2.    Pour les victimes déjà condamnées, la remise gracieuse des sommes qu’elles devaient rembourser au Fiva au titre de ce préjudice d’incapacité réévalué.

Ainsi les victimes n’auront à rembourser « que » les sommes déjà versées par la sécurité sociale qui s’inscrivent dans la nature (1) même de la rente. Ceci en application du  principe consistant à éviter une double indemnisation. Depuis toujours et bien avant l’origine du conflit nous avons milité pour le refus de la double indemnisation                                                                                            

 La fin de cette trop longue procédure dépasse le périmètre de la région de Douai. Elle rejaillit et doit donner espoir à l’ensemble des victimes de l’amiante mais aussi des autres victimes du travail. Nous remercions tous ceux et toutes celles qui ont œuvré pour cet aboutissement.

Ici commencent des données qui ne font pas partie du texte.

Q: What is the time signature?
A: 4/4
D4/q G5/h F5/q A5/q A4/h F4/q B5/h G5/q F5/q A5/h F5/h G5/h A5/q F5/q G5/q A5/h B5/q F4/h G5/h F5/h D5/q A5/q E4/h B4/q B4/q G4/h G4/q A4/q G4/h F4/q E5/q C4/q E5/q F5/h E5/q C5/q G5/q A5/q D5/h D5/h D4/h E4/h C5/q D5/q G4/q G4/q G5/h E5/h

Pour pallier à ce dysfonctionnement, une mission d’étude et d’analyse a été confiée à l’IGAS (inspection générale des affaires de la sécurité sociale). L’Andeva et la Fnath ont été invitées à donner leur avis dans les prochaines semaines sur les travaux en cours. A l’issue des conclusions les pouvoirs publics auront à prendre les mesures qui s’imposeront dans l’intérêt des victimes.